Pensaba Hobbes que la religión como impulso coercitivo que se hace presente a los hombres por su condición natural de ignorancia y de temor deberá suprimirse y colocarse al servicio del soberano. Esta tesis parece asumirla Pablo Iglesias, al reivindicar para un Estado moderno la eliminación de «delitos medievales», como el referido a las ofensas a la Corona y a los sentimientos religiosos. Para Pablo Iglesias las creencias son meros sentimientos domesticados por el soberano, referidos al alma, sin cuerpo posible en la vida pública. En pensamiento tan grotesco, la convivencia exige excluir cualquier respeto por la dimensión pública de la fe, sometiendo las creencias religiosas a un orden litúrgico secularista, donde el único culto sea el de una vida colectiva ideologizada.

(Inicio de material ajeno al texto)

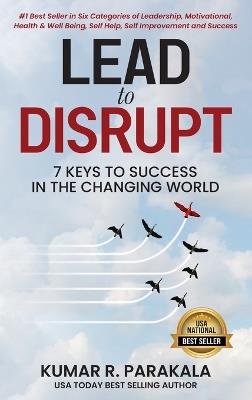 Lead To Disrupt: 7 Keys To Success In The Changing World - Kumar R Parakala - cover
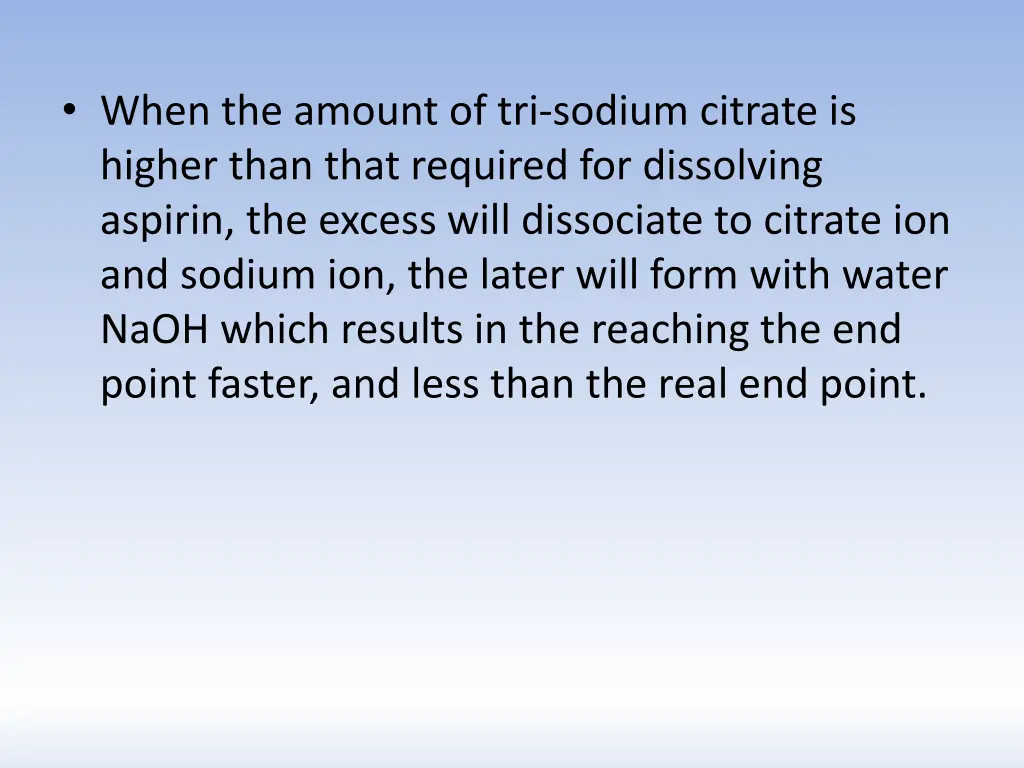when the amount of tri sodium citrate is higher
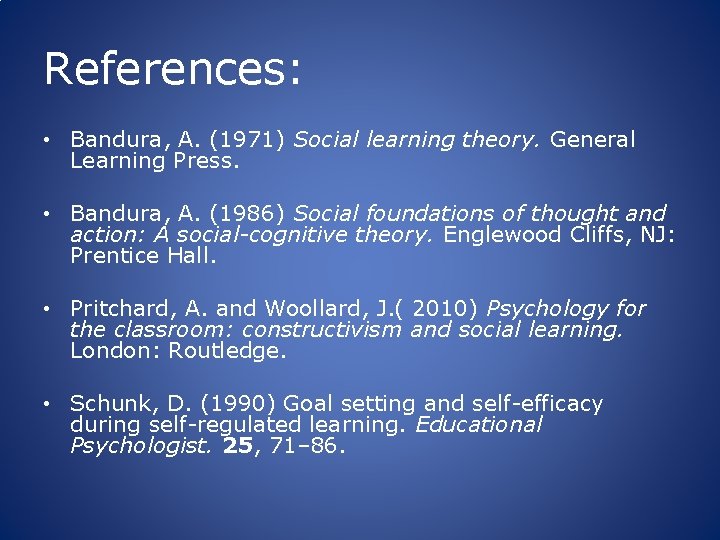 References: • Bandura, A. (1971) Social learning theory. General Learning Press. • Bandura, A.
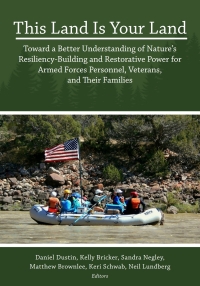 Cover image: This Land is Your Land: Toward a Better Understanding of Nature's Resiliency-Building and Restorative Power for Armed Forces Personnel, Veterans, and Their Families 1st edition 9781571677839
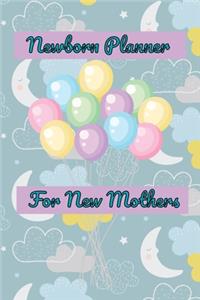 Newborn Planner For New Mothers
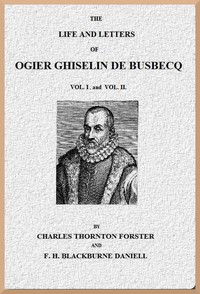 Cover of The Life and Letters of Ogier Ghiselin de Busbecq, Volumes 1 and 2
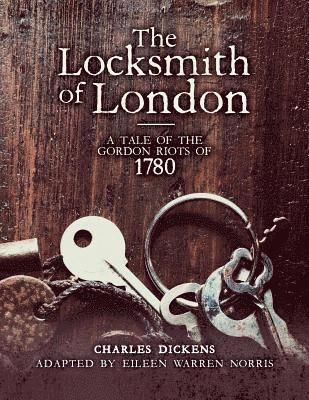 The Locksmith of London: A Tale of the Gordon Riots of 1780 1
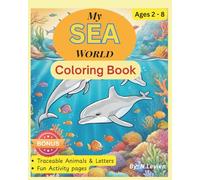 My Sea World: Coloring Book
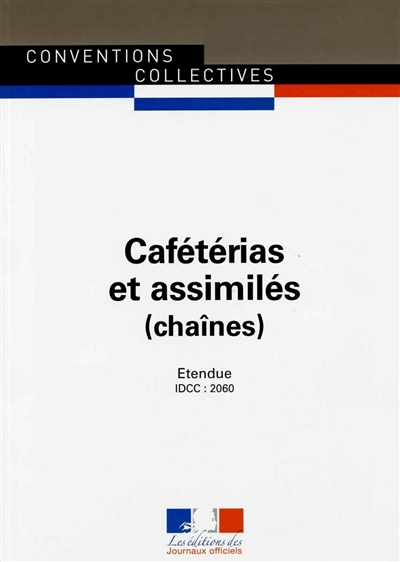 Cafétérias et assimilés (chaînes) : convention collective étendue : IDCC 2060
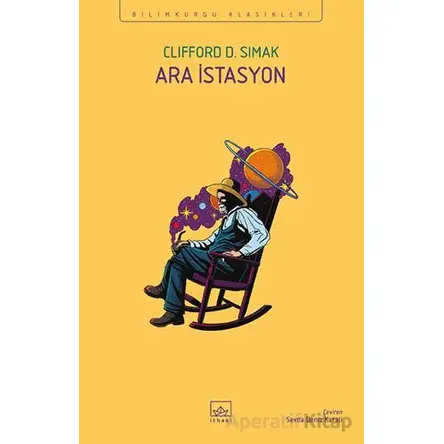 Ara İstasyon - Clifford D. Simak - İthaki Yayınları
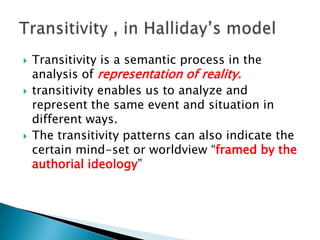 





Transitivity is a semantic process in the
analysis of representation of reality.
transitivity enables us to analyze and
represent the same event and situation in
different ways.
The transitivity patterns can also indicate the
certain mind-set or worldview “framed by the
authorial ideology”

 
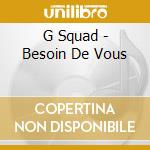 G Squad - Besoin De Vous cd musicale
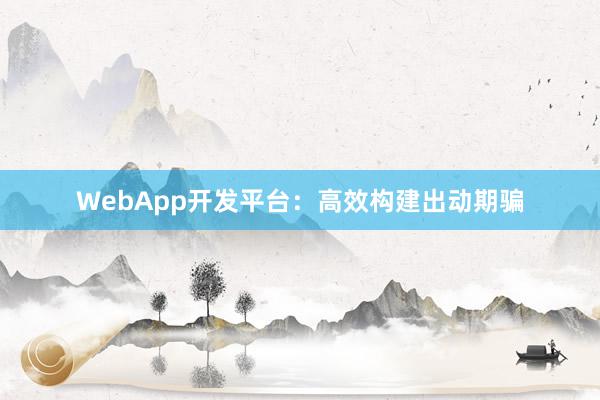 WebApp开发平台：高效构建出动期骗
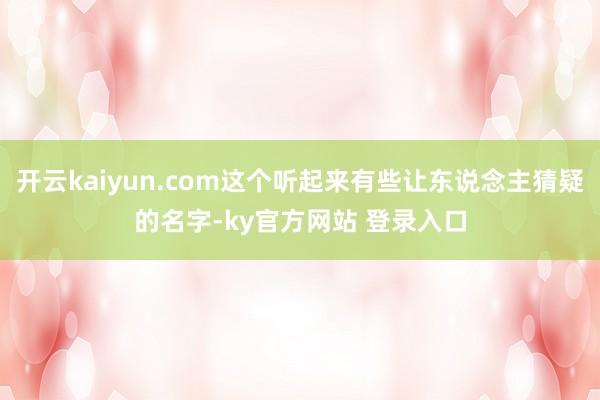 开云kaiyun.com这个听起来有些让东说念主猜疑的名字-ky官方网站 登录入口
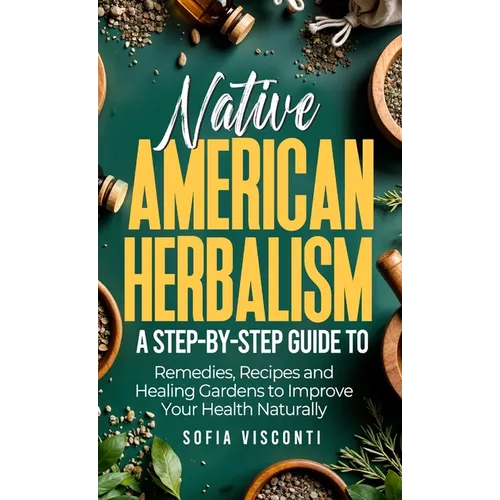 Native American Herbalism: A Step-by-Step Guide to Remedies, Recipes, and Healing Gardens to Improve Your Health Naturally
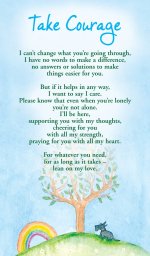 Prayer Card - Take Courage - I Can't Change What You Are Going Through...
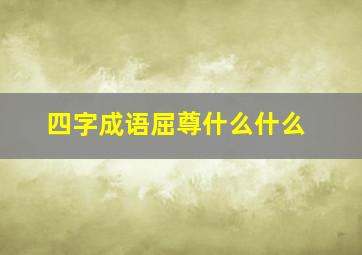 四字成语屈尊什么什么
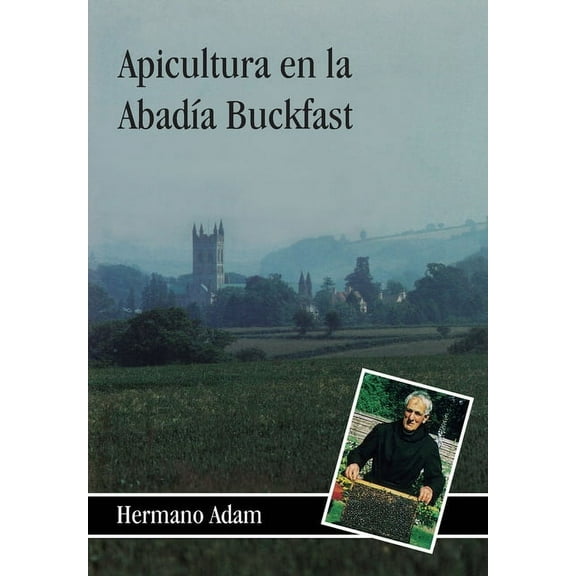 Apicultura en la Abadía Buckfast, (Paperback)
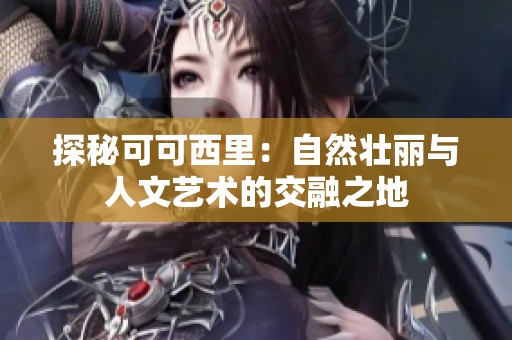 探秘可可西里：自然壮丽与人文艺术的交融之地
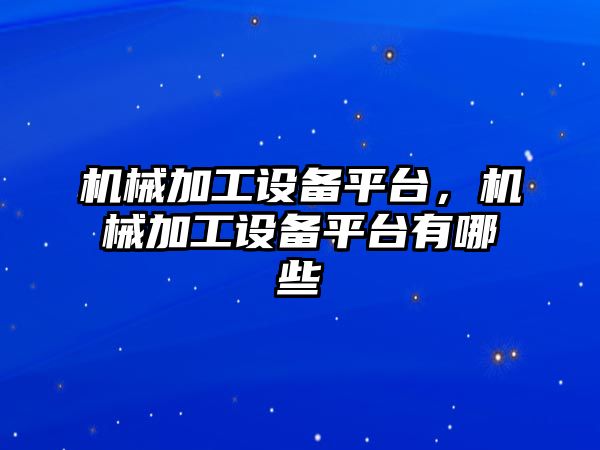 機械加工設備平臺，機械加工設備平臺有哪些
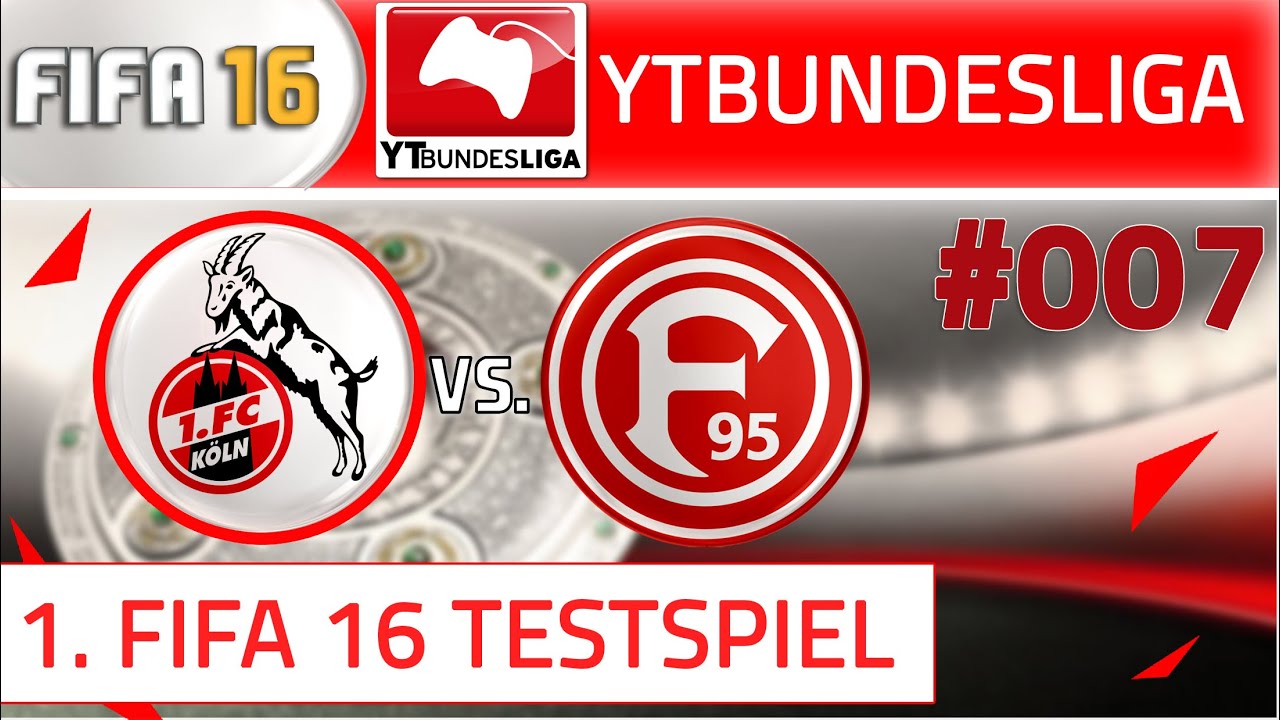 FIFA16 -  YTBUNDESLIGA [UHD | #007] 1. TESTSPIEL mit FIFA 16 ● KOE vs. F95
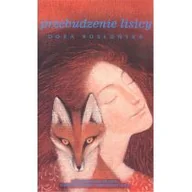 Powieści - Rosłońska Dora Przebudzenie lisicy - miniaturka - grafika 1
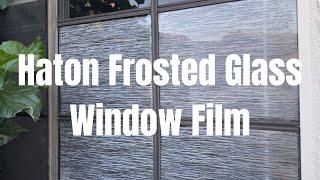 Haton Frosted Glass Window Film | Installation Guide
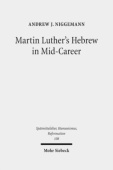 Martin Luther's Hebrew in Mid-Career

La voluntad de Podemos demandaba que el asalto a la capilla de la Complutense protagonizado por Rita Maestre en 2011 fuera un acto neutro, a lo sumo algo propio de adolescentes, como aseveró condescendiente su Eminencia, el cardenal Osoro; o que la proclividad exultante a la blasfemia del actor Willy Toledo encontrase una Iglesia incapaz de respuesta por su penoso descrédito, blandiendo tan sólo la espada del silencio ante la propuesta de una ontología de la violencia del Estado. No erraríamos al considerar las armas menos benévolas que empuñarían la teocracia arbitraria y el fideísmo integrista islámicos ante un desafío semejante.
No es bueno cerrar los ojos ante la injusticia. Los dirigentes políticos sólo pueden gobernar participando de una ley superior, de la preocupación por el bien común. Es violencia de Estado no velar por el bien común, servidumbre de Estado privatizar la fe, coerción de Estado no responsabilizarse en el mantenimiento del orden público, utilizar el poder coercitivo de un modo totalitario, tratando las convicciones y los sentimientos religiosos como conspiraciones propias de gente cuyo fervor, celo y fanatismo no es digno del saeculum.
Ni la Iglesia como institución ni el ciudadano cristiano pueden enmudecer cuando el legislador escarnece la ley de Dios santificando la ofensa y la blasfemia. Despenalizar las ofensas religiosas, además de privatizar la religión, constituye una notable violencia por parte del Estado. La religión sufre coacción cuando un procedimiento legal pretende impedir el respeto a Dios en una sociedad libre: ¿o no es coaccionar legalizar la blasfemia? La libertad religiosa es inmunidad de coacción garantizada por un procedimiento legal que preserva la apertura a Dios en una sociedad libre. ¿Por qué debería tolerar el ciudadano una libertad que no respeta sus creencias y sentimientos religiosos?
La democracia colapsará en una manipulación populista y maniquea si no se equilibra mediante la excelencia de la paideia, de una educación donde el ágora es un espacio abierto a todos, incluidos los católicos. Lejos de una educación subordinada a la política de gobernantes acéfalos que nunca fueron elegidos por el pueblo, cualquier pacto político exige la dependencia al respeto del carácter público de las creencias y las tradiciones religiosas, sin ignorar ni cancelar la necesidad de las personas de una relación religiosa que las vincula mucho más profundamente de lo que puedan hacerlo las interesadas alianzas de los políticos. La democracia también es obra del pueblo, y no sólo de políticos que «toman por asalto el cielo». La libertad se define como la capacidad de que los ciudadanos escojan su vida sin ser violentados por los demás. La religión encarna un master discourse, una realidad radical incapaz de someterse a dominación alguna ni a proyectos políticos secularistas donde vivir juntos no implique una paz real sino un mero estado de guerra suspendido.
Dostoievski señalaba los límites con que ha de tropezar la rebelión del hombre autónomo, pensaba que la naturaleza del hombre no soporta la blasfemia contra Dios y oraba siempre infligiéndose un castigo por ella. Sin la posibilidad real de remitir a nuestros gobernantes a maestros tan sublimes, sí que estamos en condiciones de exigir al Estado refrenar el mal y ponerse al servicio de la reconciliación y de la paz, protegiendo el respeto del ciudadano creyente, organizando una convivencia que no arroje fuera de la sociedad la religión, ni practique la violencia como disciplina habitual para unirnos unos a otros, o aspire a una falsa libertad de expresión que en ausencia de unos fines compartidos signifique legalizar la blasfemia.